▶ TASK DIRECTIONS:
Set down each entry below exactly as written, keeping the pictures out.

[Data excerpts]
== Segment start ==

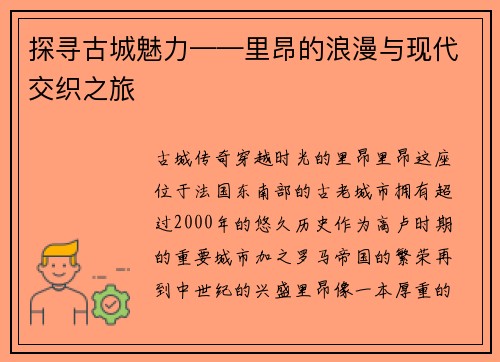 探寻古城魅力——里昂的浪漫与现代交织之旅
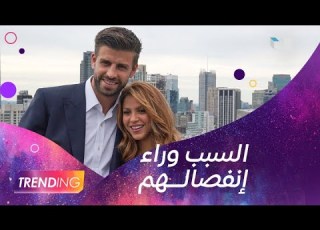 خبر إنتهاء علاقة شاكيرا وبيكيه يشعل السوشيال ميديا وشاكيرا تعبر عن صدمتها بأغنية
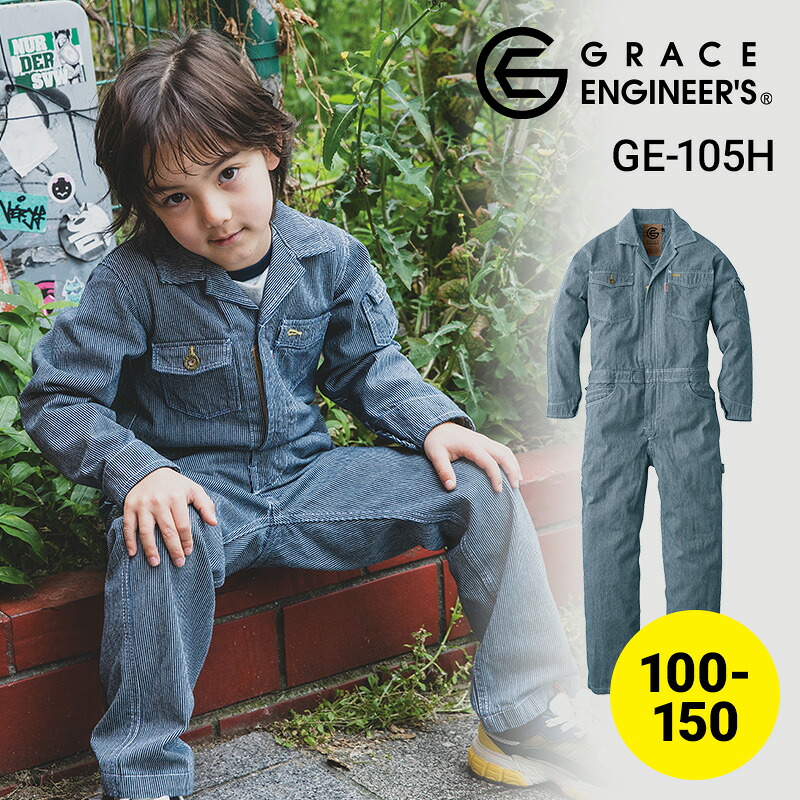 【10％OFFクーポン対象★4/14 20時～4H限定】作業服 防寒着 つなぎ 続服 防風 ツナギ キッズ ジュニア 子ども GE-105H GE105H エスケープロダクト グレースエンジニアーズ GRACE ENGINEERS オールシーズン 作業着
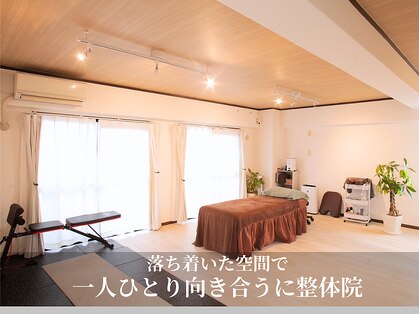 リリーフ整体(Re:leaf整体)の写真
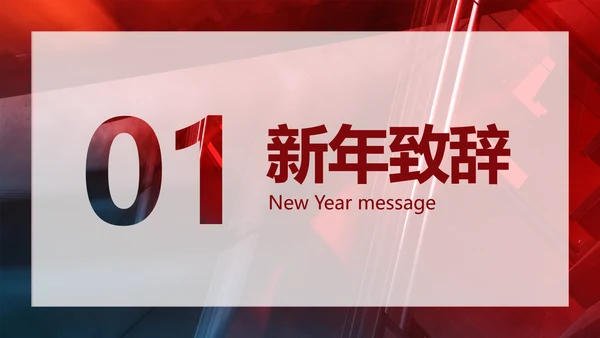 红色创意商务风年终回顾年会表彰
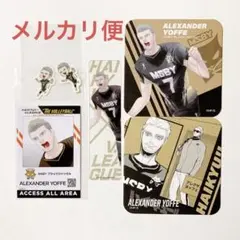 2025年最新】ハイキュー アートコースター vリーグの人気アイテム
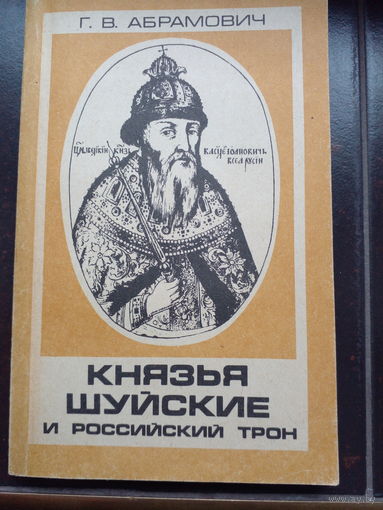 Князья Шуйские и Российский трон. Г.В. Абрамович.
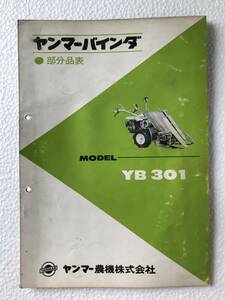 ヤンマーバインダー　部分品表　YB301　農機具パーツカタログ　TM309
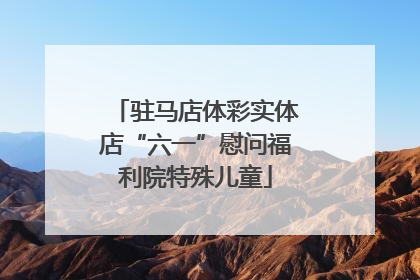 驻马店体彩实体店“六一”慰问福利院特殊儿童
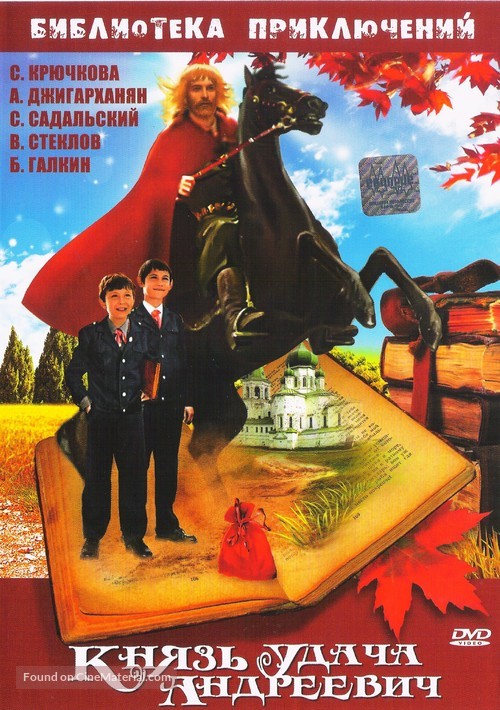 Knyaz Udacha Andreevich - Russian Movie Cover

== Segment end ==

▶ TASK SOLUTION:
 探寻古城魅力——里昂的浪漫与现代交织之旅
 خبر إنتهاء علاقة شاكيرا وبيكيه يشعل السوشيال ميديا وشاكيرا تعبر عن صدمتها بأغنية
 【10％OFFクーポン対象★4/14 20時～4H限定】作業服 防寒着 つなぎ 続服 防風 ツナギ キッズ ジュニア 子ども GE-105H GE105H エスケープロダクト グレースエンジニアーズ GRACE ENGINEERS オールシーズン 作業着
 リリーフ整体(Re:leaf整体)の写真
 红色创意商务风年终回顾年会表彰
 2025年最新】ハイキュー アートコースター vリーグの人気アイテム
 Князья Шуйские и Российский трон. Г.В. Абрамович.
 ヤンマーバインダー　部分品表　YB301　農機具パーツカタログ　TM309
 驻马店体彩实体店“六一”慰问福利院特殊儿童
 Knyaz Udacha Andreevich - Russian Movie Cover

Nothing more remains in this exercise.